Hey,
All things considered a bad day. I'd say.
I've had one of the many bad days. One thing led on to the other. What could be worst my MP3 decides to go flat so I had to listen to people and their rants in the bus. Not to mention something that is really painful for me to see and hear. Its like slowly and steadily slicing through pieces of my heart with some Japanese Razors.
I wanna eat the twister fries and have strawberry milkshake at McDonald's. The epitome of fat but Whatever! Fats can be dealt with later.
I wanna plan a trip to KL. I've to start saving up money.
I had this really weird dream last night. I was in a car with my two other cousins. We were driving in some deserted and constricted area. I'm sure its Somewhere east because we passed by many abandoned schools and one of the building had this on its wall: Pasir Ris School. If I'd remember correctly the building was painted orange. Really weird isn't it? The sky was pitch black and everything was really dark. The buildings look terribly tainted and worn out left and right. Its a complete ghost town. The car lights were our only source for light. It should be night time right? Its really weird.
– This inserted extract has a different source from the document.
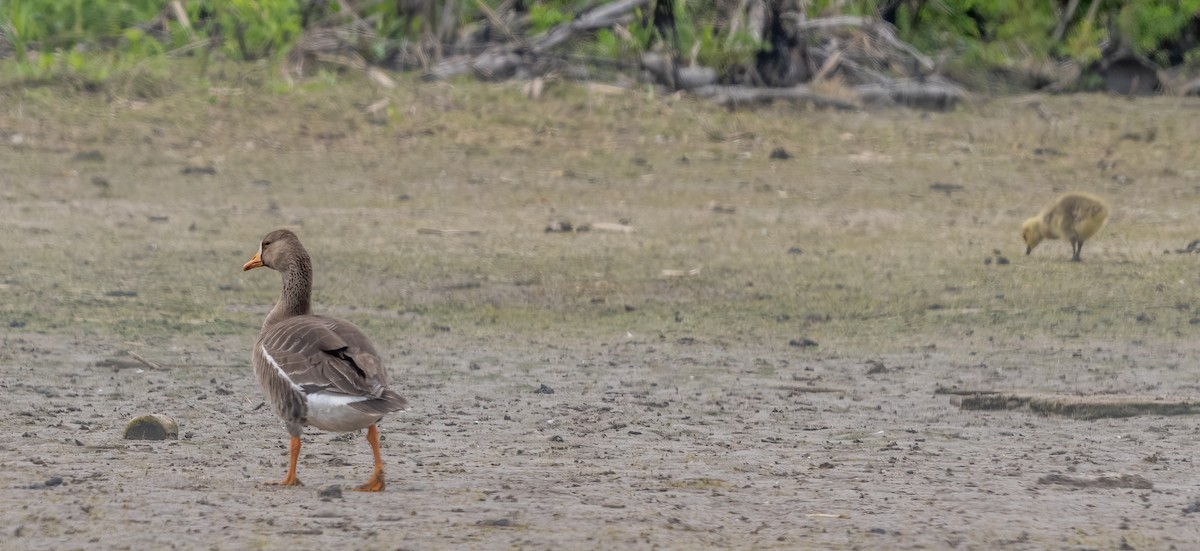 Greater White-fronted Goose - ML619724283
When I was just fooling around and not taking things seriously, you're madly in love with me. Now that I can't stop falling crazy in love with you, you're never there. I see you're just fooling around now. So where do we go here on? I'm really clueless. Fill me in.
As I sat by staring blankly into nothingness, drifted away by the sounds of music, you're all I think of. Of the songs which are just too painful to even hear. This is indeed torture. I solicit everyday hoping that I could go back in time, carefully writing our beautiful love story with you by my side. Salvaging and Indulging the sweet, sweet treasure that we once had and ensure its longevity ensured in times to come. I really miss You baby.
I really wanna go watch Sherlock Holmes.
I'm having this really throbbing headache right now, my muscles are aching everywhere and this stupid sore throat and chest won't go away. Its like my respiratory system is in pain on the whole. I've swallowed medicines after medicines and there's still no signs of cure. This is really bad. I'm too dependent on drugs and being complacent about it. I should really stop. It is not healing me, it is only deteriorating me even worst.
Amidst these series of misfortunes and sad, sad story, I found myself a piece of good news. Like a tiny ray of silver lining shining with the minimal amounht of light possible. I found one of my ring. The other ring and not the one I lost my heart to. But still I found it back and I'm just happy.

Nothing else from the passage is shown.